→ DATA PROVIDED:

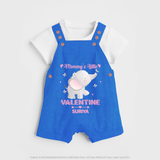 Mommy's Little Valentine - Customized Dungaree Set For Kids With Name - COBALT BLUE - 0 - 5 Months Old (Chest 18")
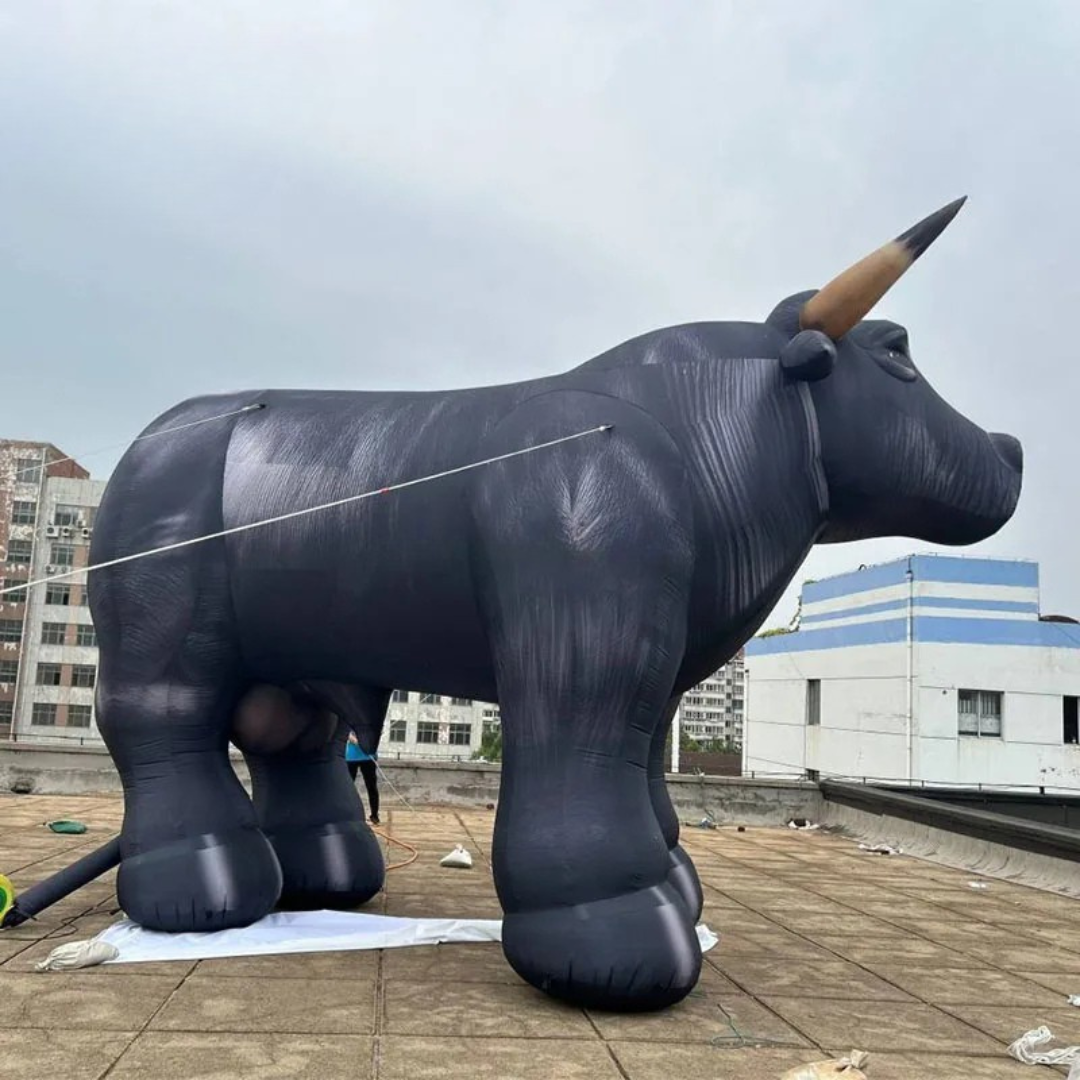 Giant Inflatable Black Cow for Events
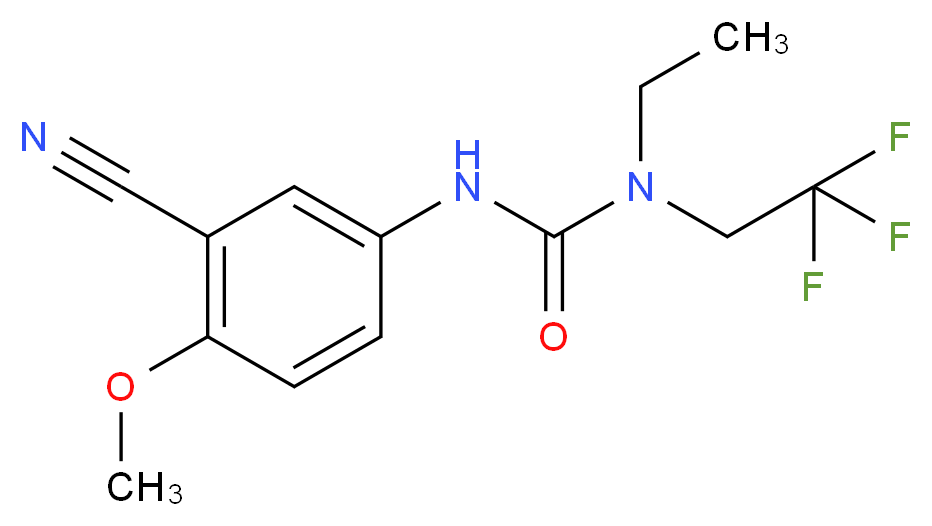 N'-(3-cyano-4-methoxyphenyl)-N-ethyl-N-(2,2,2-trifluoroethyl)urea_Molecular_structure_CAS_)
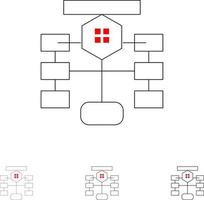 diagrama de flujo base de datos de datos de diagrama de flujo conjunto de iconos de línea negra en negrita y delgada vector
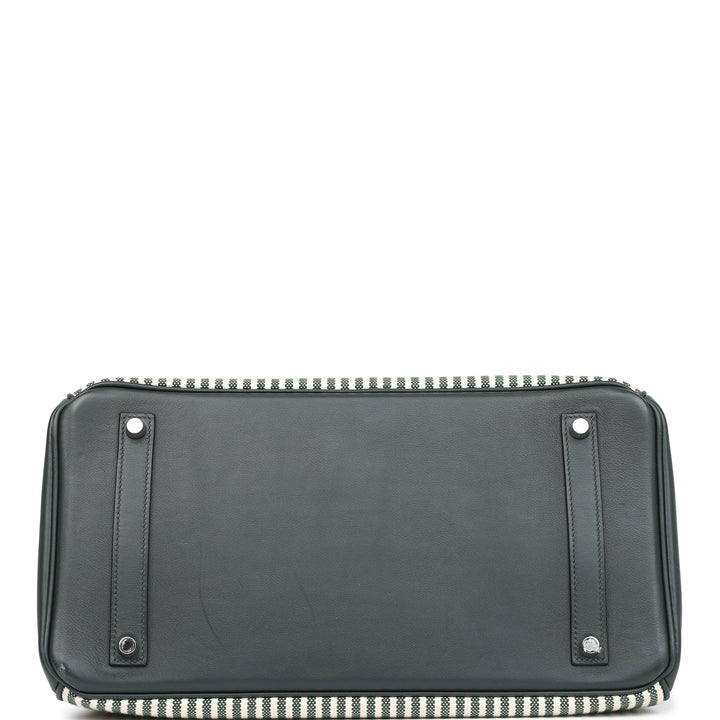 Hermes Birkin 35 Toile Riga and Vert Anglais Swift Palladium Hardware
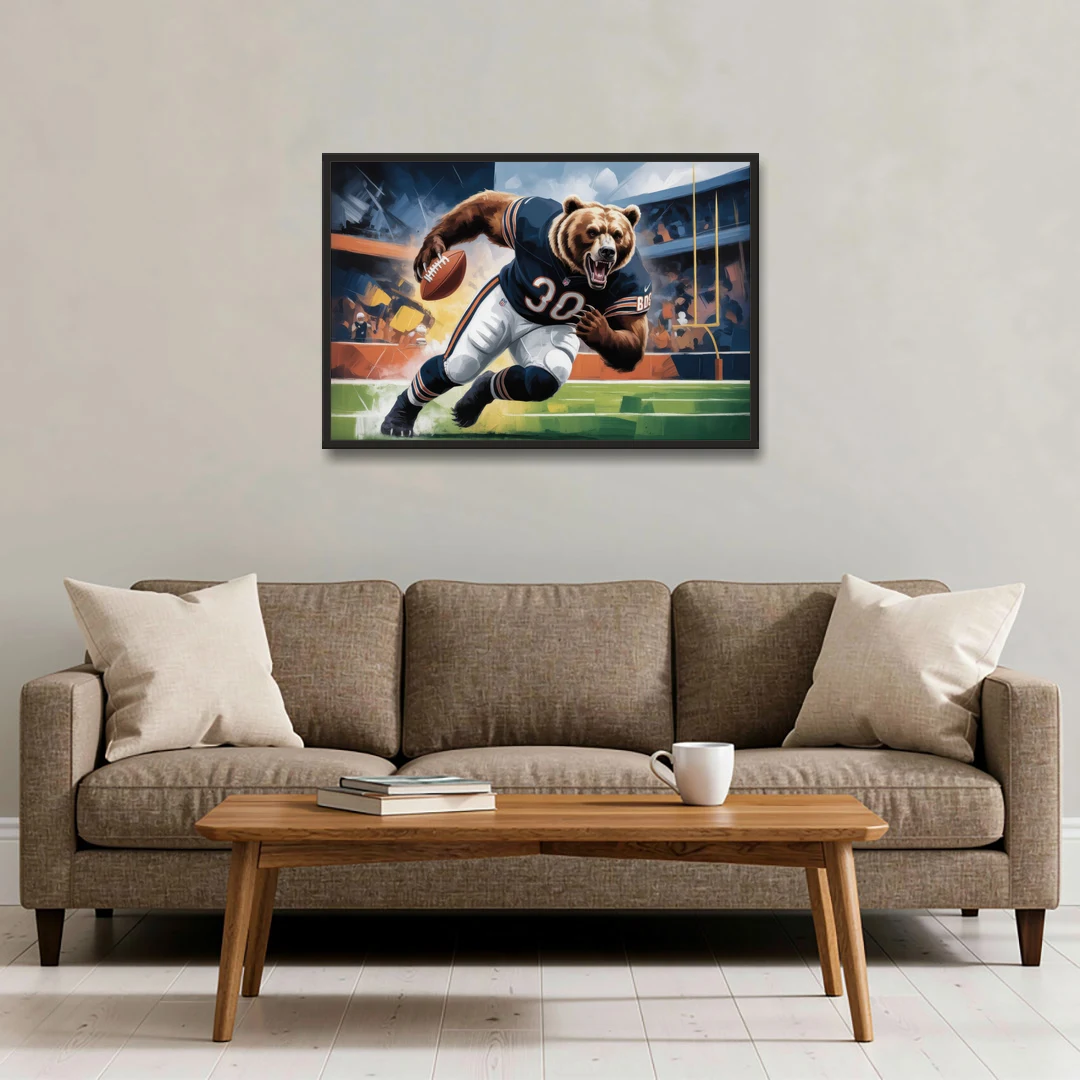 Chicago Bears Impressionistic Bear Art - Black Framed Canvas Wall Art - Sofa - 36x24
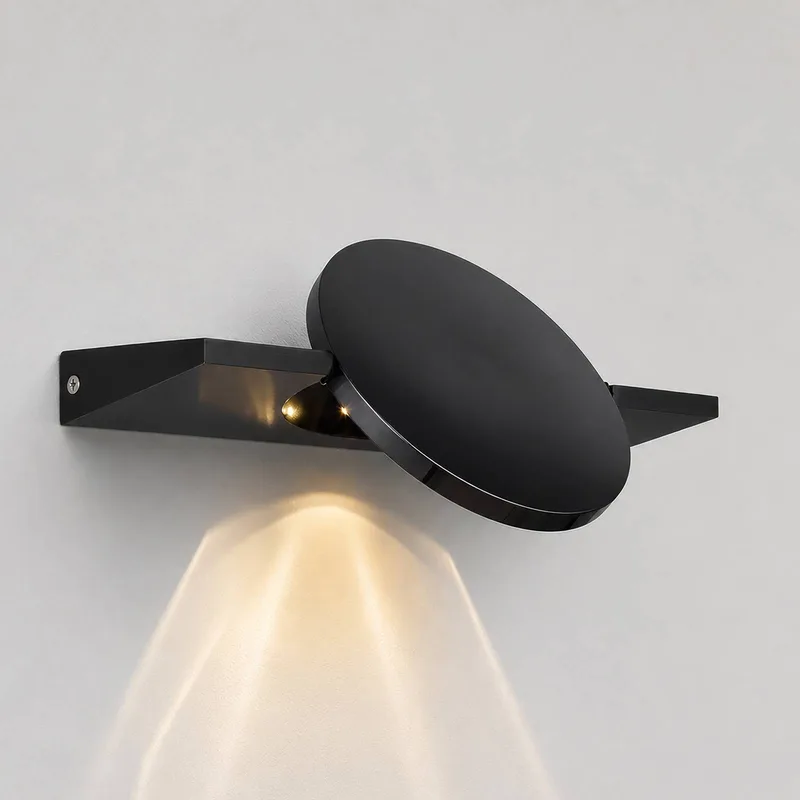 LED wandlamp Jasper, hoogte 28 cm, matzwart, metaal de Globo en Zwart-chroom, Spiegelend – photo produit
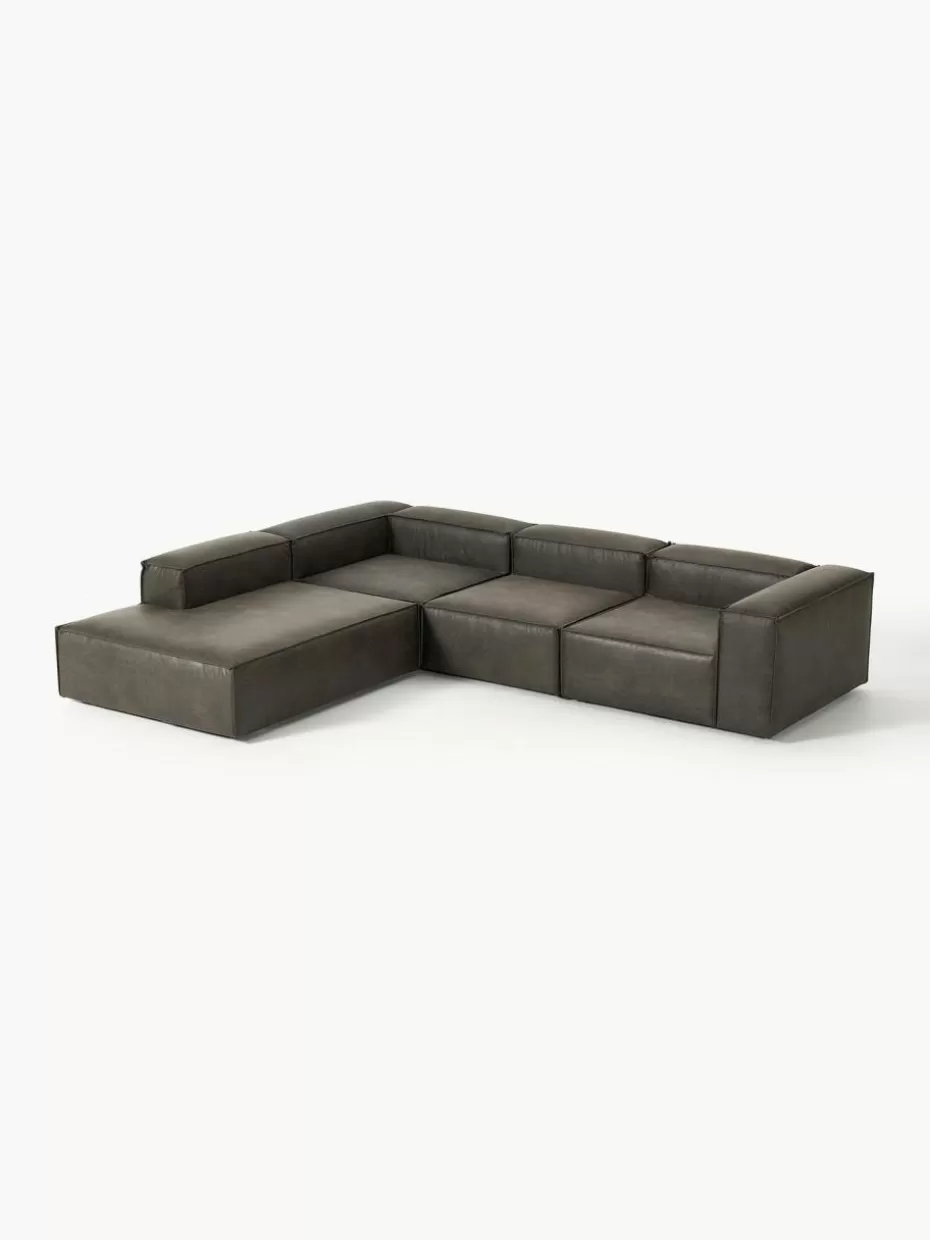 Sofas | Sofaserien-Westwing Collection Modulares XL-Ecksofa Lennon aus recyceltem Leder Leder Taupe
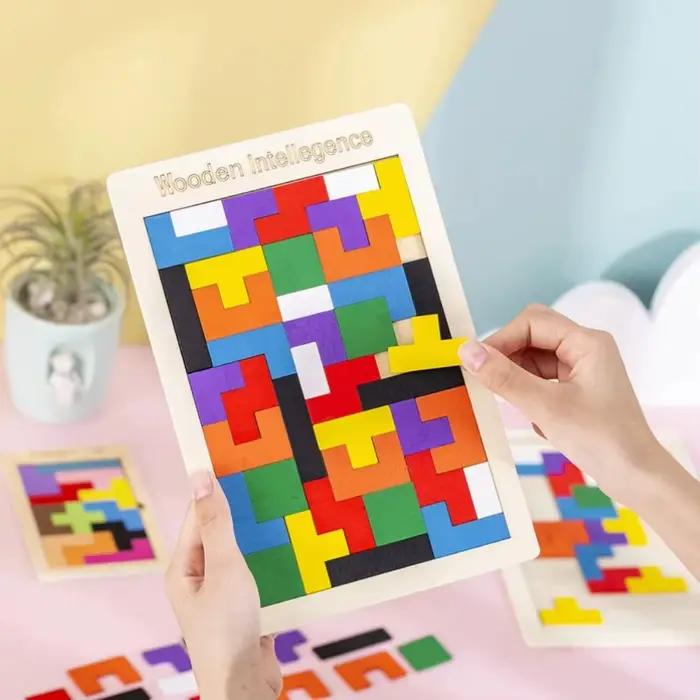 Puzzle en bois pour bébé, jeu amusant pour l'éducation précoce, logique de réflexion, jouet carré, c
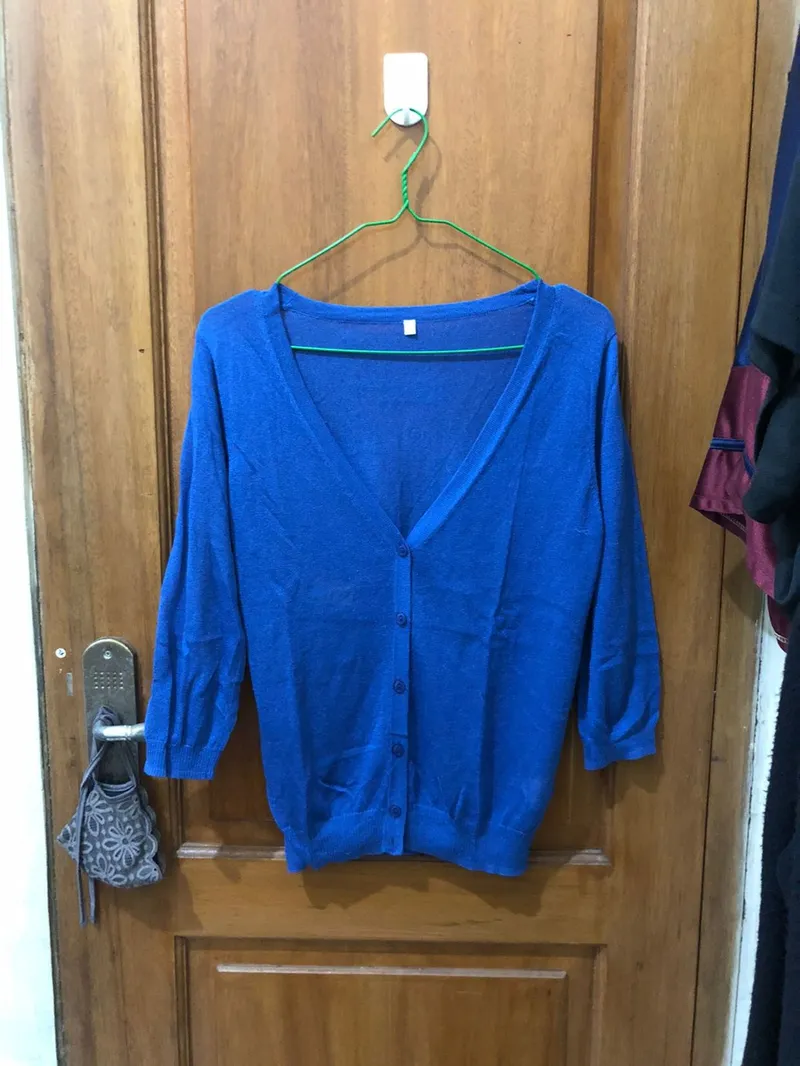 Casual Cardigan Wanita blue photo 1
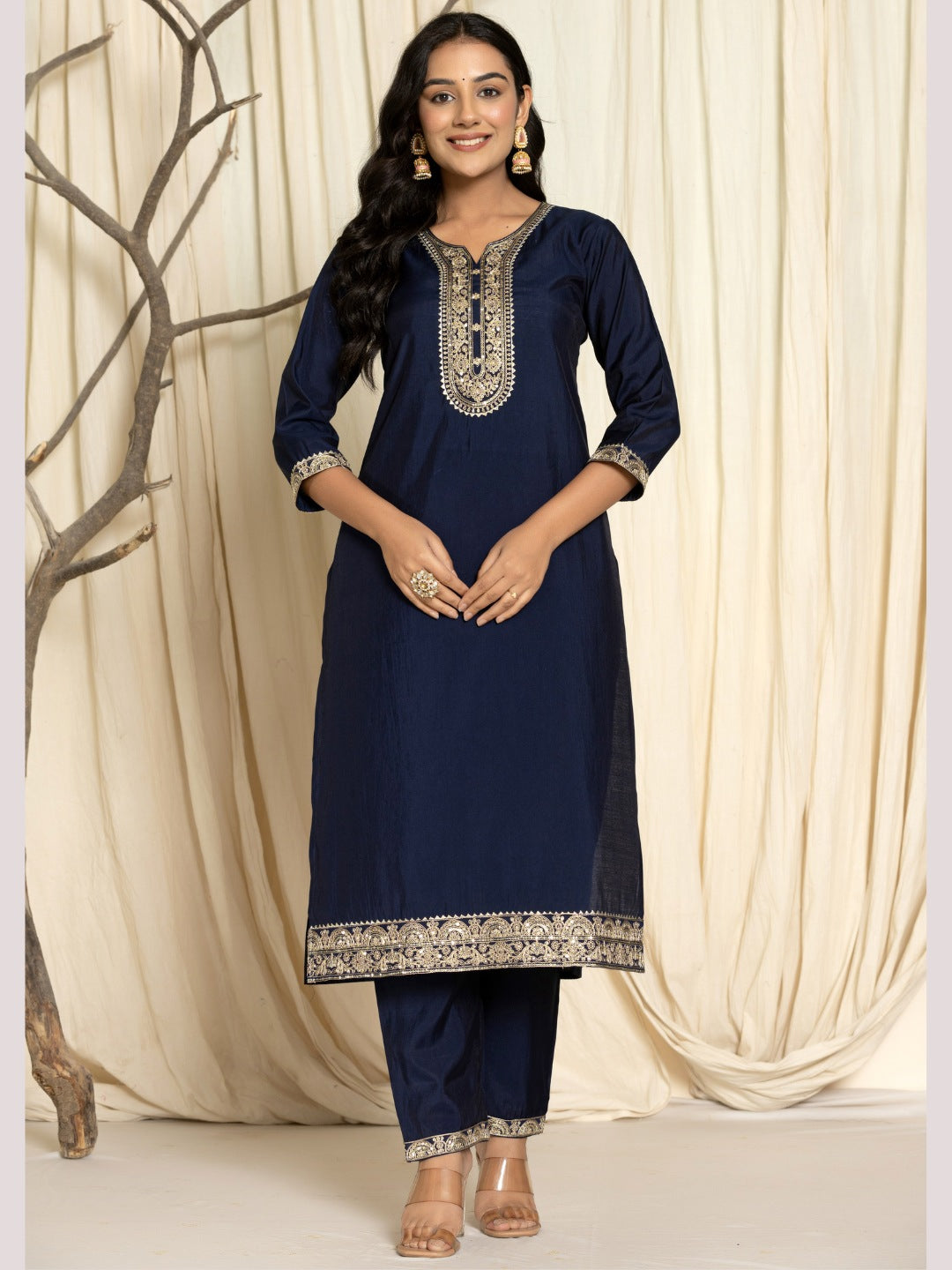 Roman Silk Embroidered Kurta, Pant and Dupatta Set - Navy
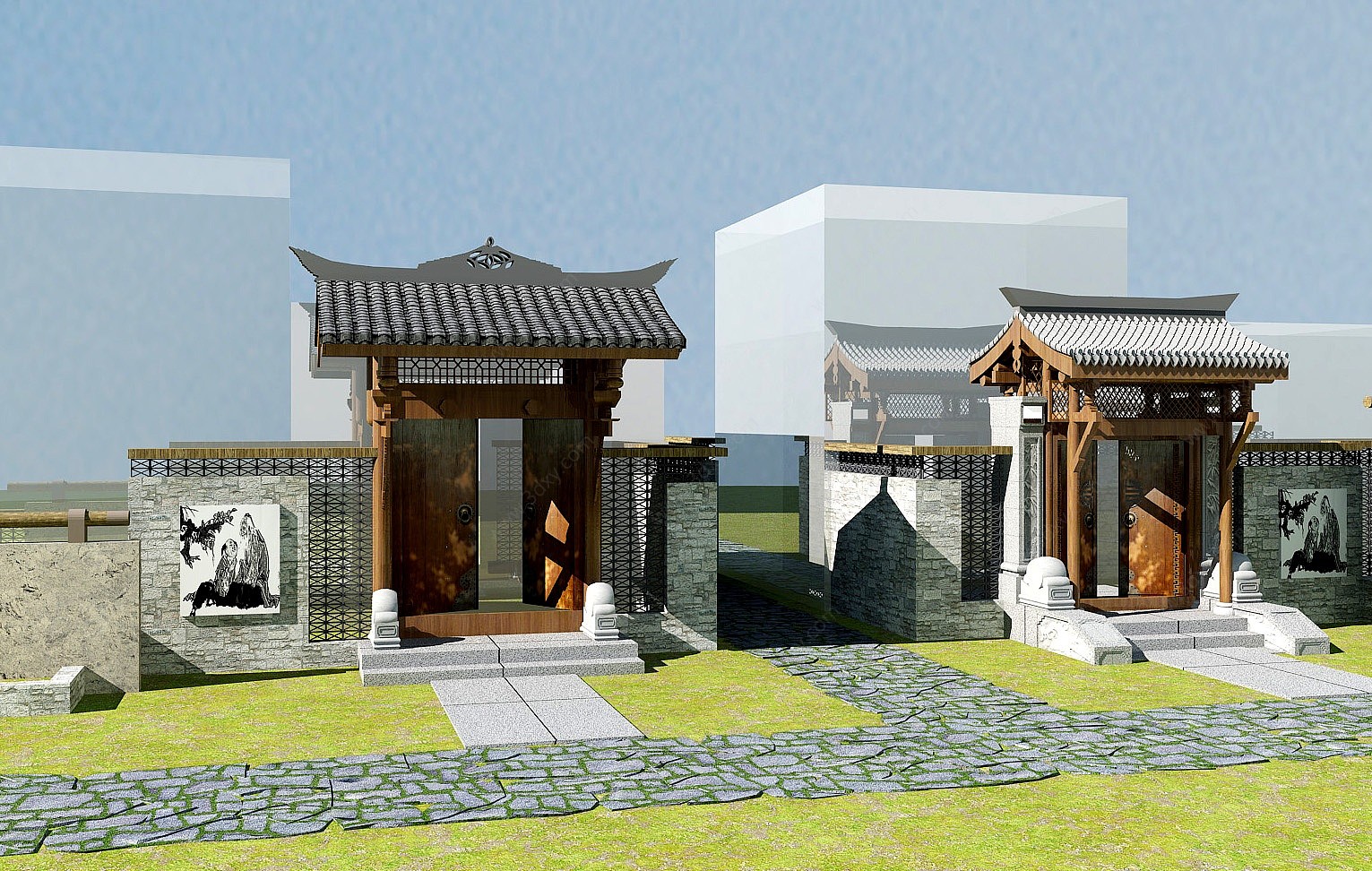 新中式景观庭院售楼处别墅3D模型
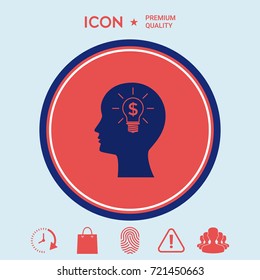 Man silhouette - Light bulb with dollar symbol business concept. Icon.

→ ABOUT THIS EXERCISE: Repeat exactly the lines above, from the line that contains "Giant Inflatable Black Cow for Events" down through the line that contains "diagrama de flujo base". Include both of those lines and none of the pictures.

→ RESPONSE TO THE EXERCISE:
 Giant Inflatable Black Cow for Events
 N'-(3-cyano-4-methoxyphenyl)-N-ethyl-N-(2,2,2-trifluoroethyl)urea_Molecular_structure_CAS_)
 diagrama de flujo base de datos de datos de diagrama de flujo conjunto de iconos de línea negra en negrita y delgada vector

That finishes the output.